Uma carrada de barro em troca do voto

A necessidade da gente é que manda, argumenta eleitor; taxa de venda no Nordeste é de 19%

EDUARDO SCOLESE
DA SUCURSAL DE BRASÍLIA

Para o desempregado maranhense Sebastião Moura da Silva, 44, o Código Eleitoral brasileiro, de julho de 1965 e que proíbe a compra e a venda de votos, só existe no papel. Ele conta que, nas eleições municipais de 1996, foi procurado por um candidato a vereador de Matões, no leste do Maranhão e a 350 km de São Luís.

"Ele chegou para mim e ofereceu uma carrada de barro em troca do voto", afirma Silva. "Eu aceitei na hora. Usei o barro para construir a minha casinha de taipa e depois nem votei nele", completa o maranhense.

Silva conversou com a Folha num final de tarde no superlotado terminal rodoviário de Brasília. Encravado no coração da capital e a metros do Congresso, do Planalto e do Supremo Tribunal Federal, é de lá que partem os ônibus para as cidades-satélites do Distrito Federal e para municípios do interior de Goiás.

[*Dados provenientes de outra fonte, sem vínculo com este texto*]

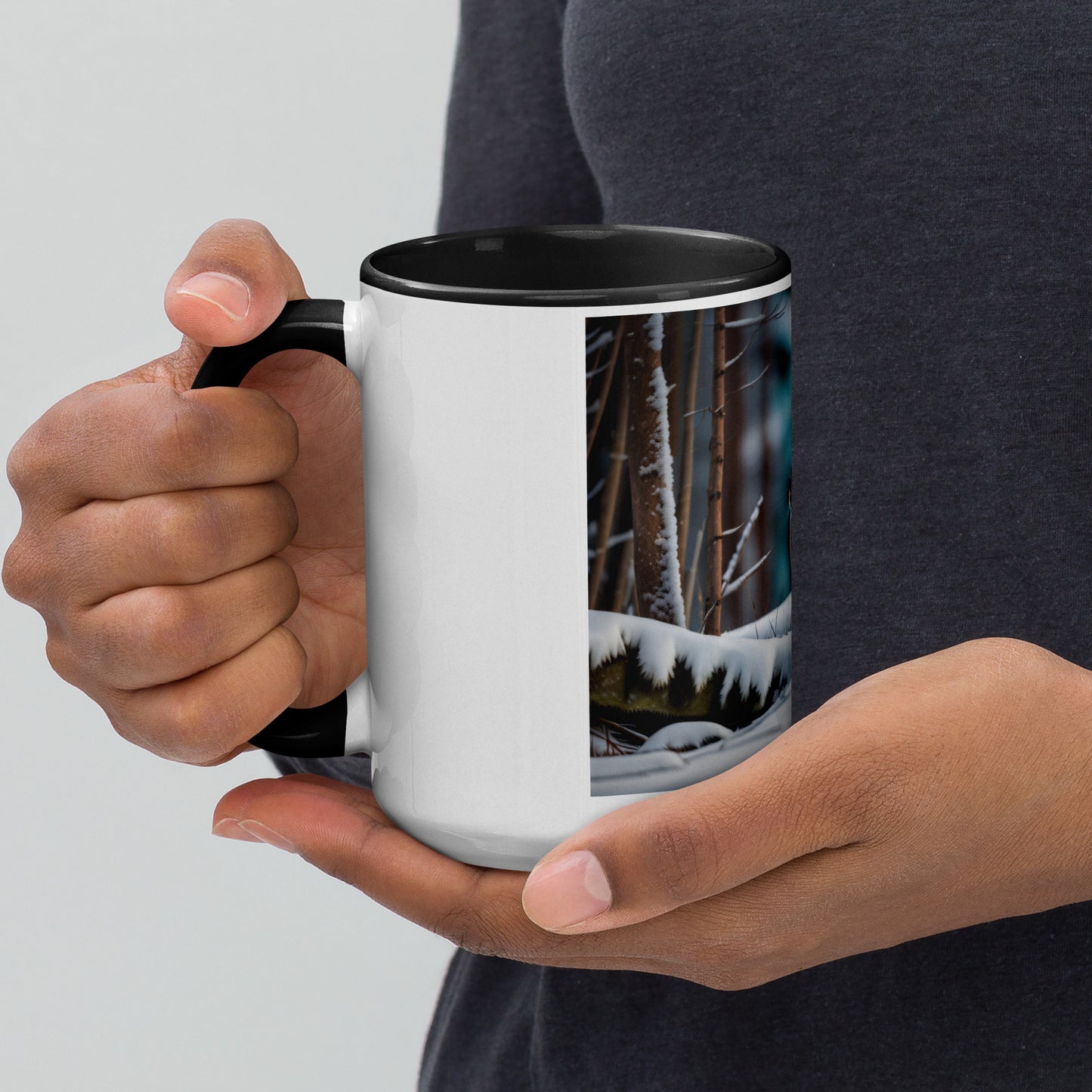 Snowshoe Hare - Mug with Color Inside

Nesse dia, a reportagem passou menos de meia hora no local. Abordou sete pessoas: duas não quiseram conversar, uma admitiu a venda do voto e outras quatro disseram que somente não o negociaram pela simples falta de oportunidade.

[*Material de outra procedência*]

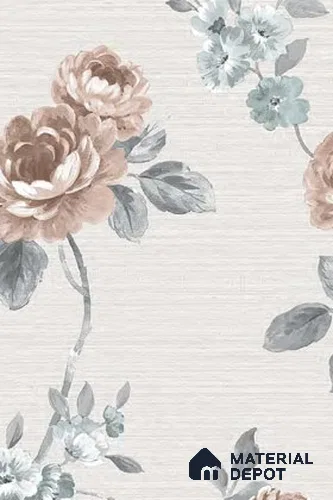 572951-3 | 5 Meter x 42 Inches Florals Look Wallpaper - 57.41 Sq. Ft. | Minimum 15% wastage during installation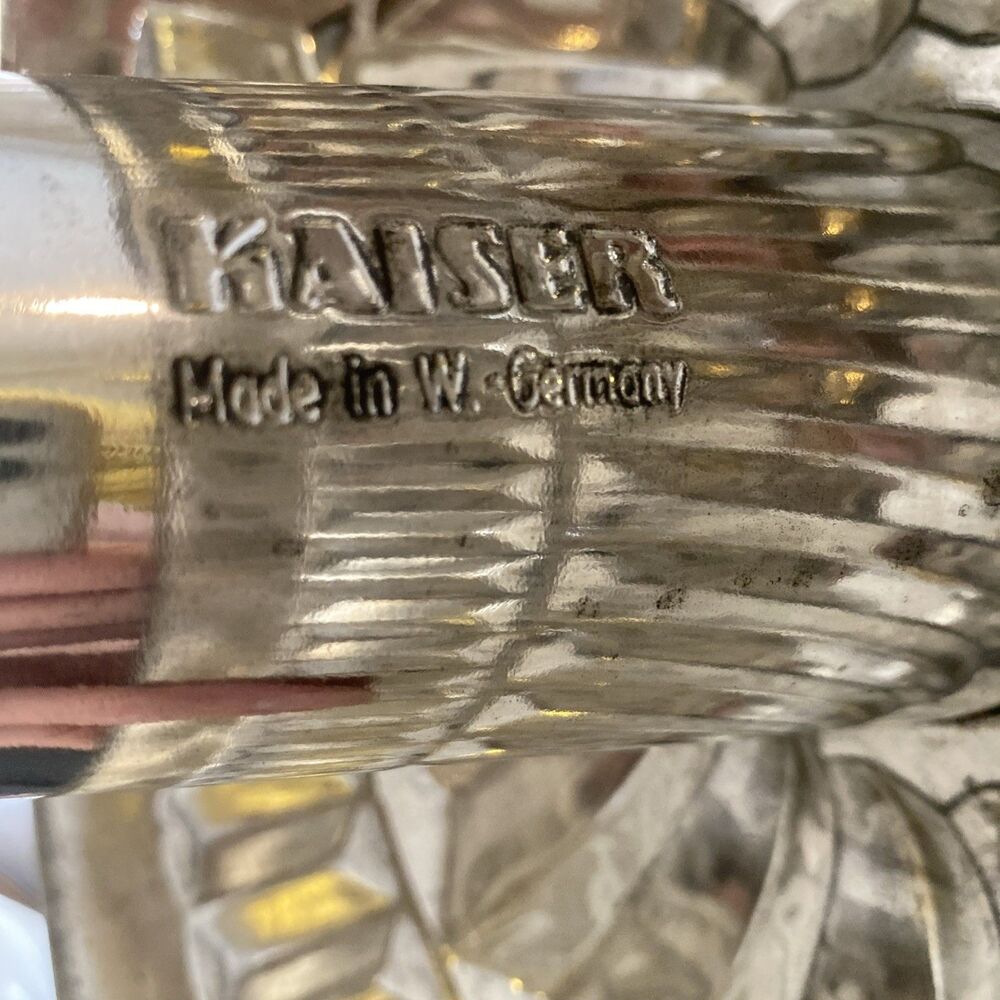 Kaiser Bundt Pan Jello Mold Fluted Bakeware Made in West Germany 9" Farmhouse - Picture 6 of 15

É o caso das amigas Norma Sueli, 51, carioca, e Domingas da Cunha, 50, baiana de Santa Rita de Cássia.
"Se [o candidato] pagar as minhas dívidas, eu vendo na hora", diz Norma. "Dois mil reais pra mim já resolvem", precifica Domingas.

Vendedor ambulante, que segura sacos com biscoitos atento para a possível chegada de fiscais, Benedito Gomes, 53, admite a venda do voto e sugere o benefício da impunidade.

"A necessidade da gente é que manda. E acho que uma coisa dessas [venda de voto] não iria parar num fórum [de Justiça]", afirma o vendedor, casado, pai de quatro filhos e natural de Piracuruca (PI).

Norma, Domingas e Benedito atribuíram a possível venda de seus votos à insatisfação com os políticos do país. Maria Helena de Souza, 48, natural de Monte Alegre do Piauí, também: "Se aparecer alguém, eu vendo mesmo. Perdi todas as esperanças nos políticos. Isso [voto] não tem mais valor".

De acordo com o Datafolha, 13% dos entrevistados admitiram ter mudado de voto em troca de dinheiro, presente, emprego ou favor. No Nordeste e no Norte/Centro-Oeste, esse índice chega a 19%, contra 9% no Sudeste e 8% no Sul. A taxa é maior entre os homens (16%), entre os jovens (18%) e entre os mais pobres (15%).